§ **Problem to solve**
Only the lines below from the one with "Paperback Wayshower: A" through the one with "福建精密零件加工標(biāo)準(zhǔn)，福建精密cnc加工" are to be written out, exactly and without any images.

━━ Exercise data

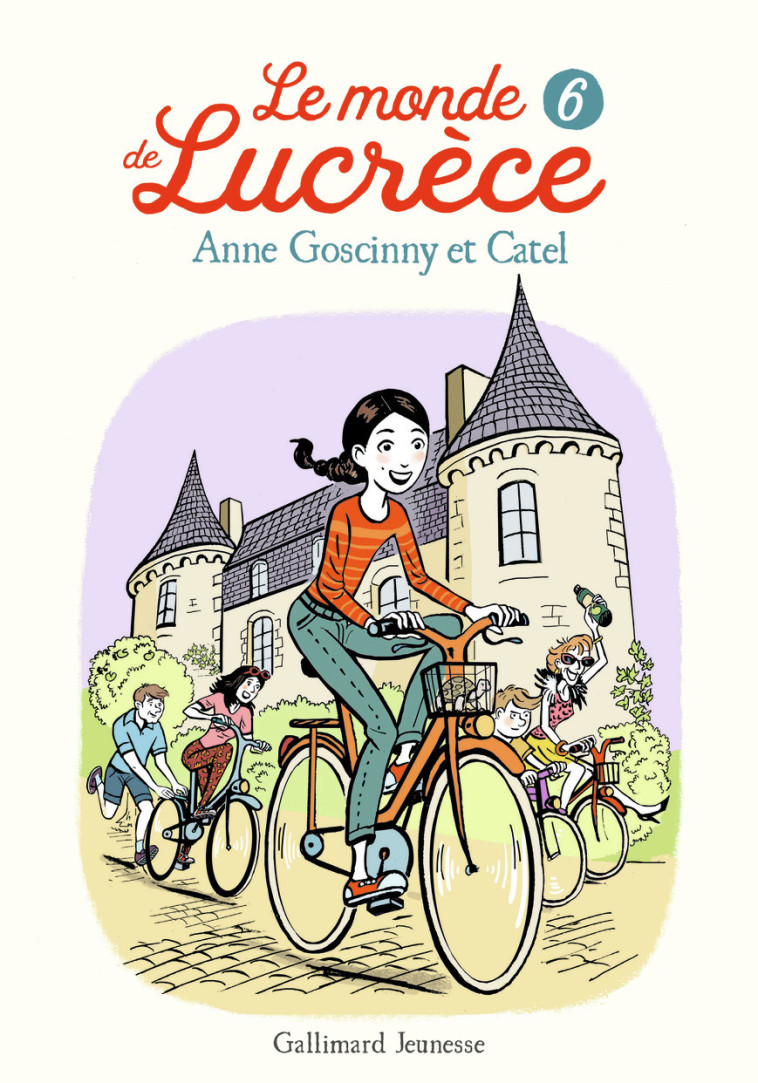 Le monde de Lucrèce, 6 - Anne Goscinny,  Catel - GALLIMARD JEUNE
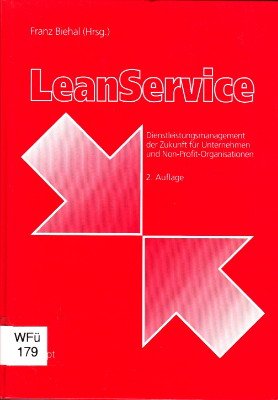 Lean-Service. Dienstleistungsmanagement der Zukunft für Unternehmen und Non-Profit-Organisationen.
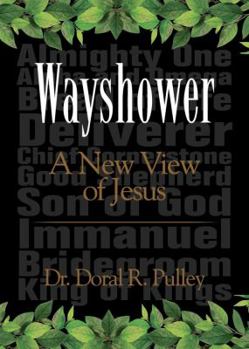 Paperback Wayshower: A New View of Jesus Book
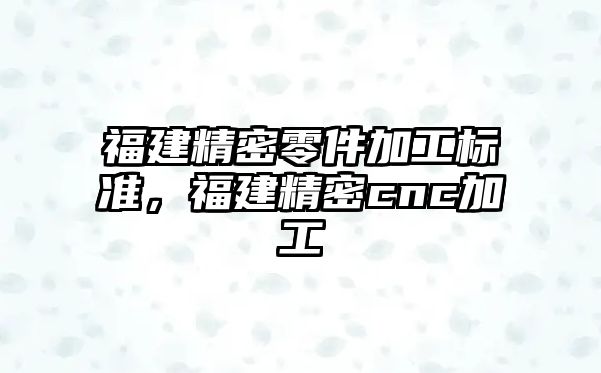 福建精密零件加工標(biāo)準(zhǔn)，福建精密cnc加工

━━━━
━━ Exercise data

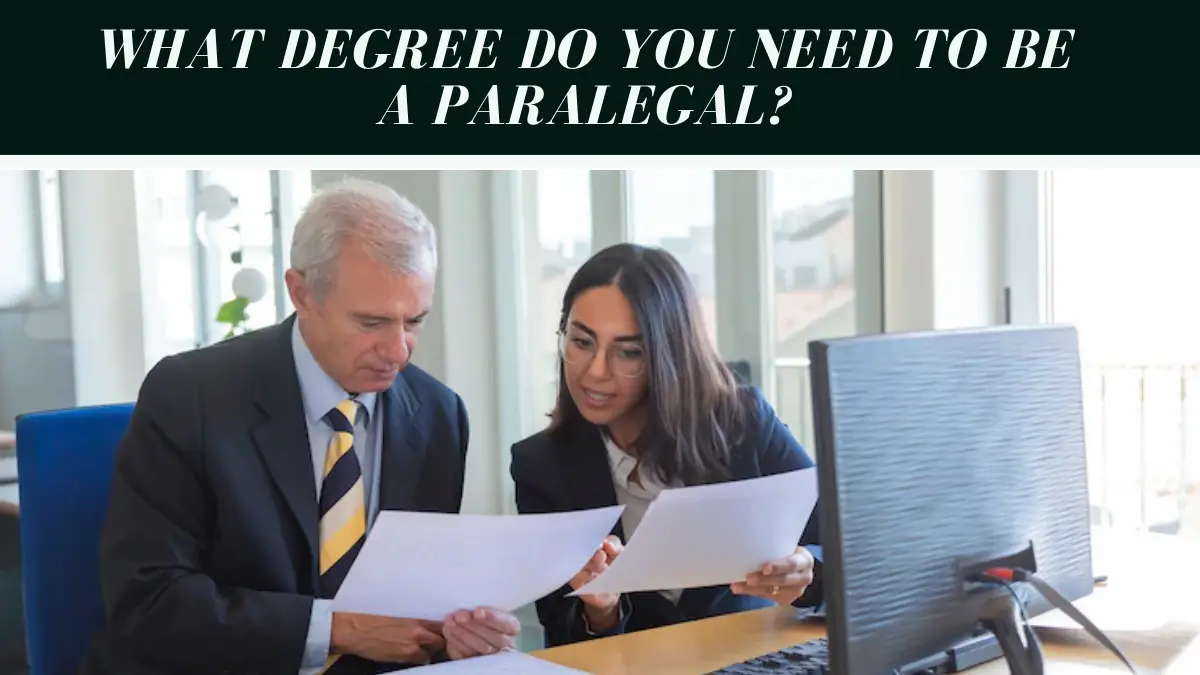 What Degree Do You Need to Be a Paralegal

━━━━

§ **Task result**
 Paperback Wayshower: A New View of Jesus Book
 福建精密零件加工標(biāo)準(zhǔn)，福建精密cnc加工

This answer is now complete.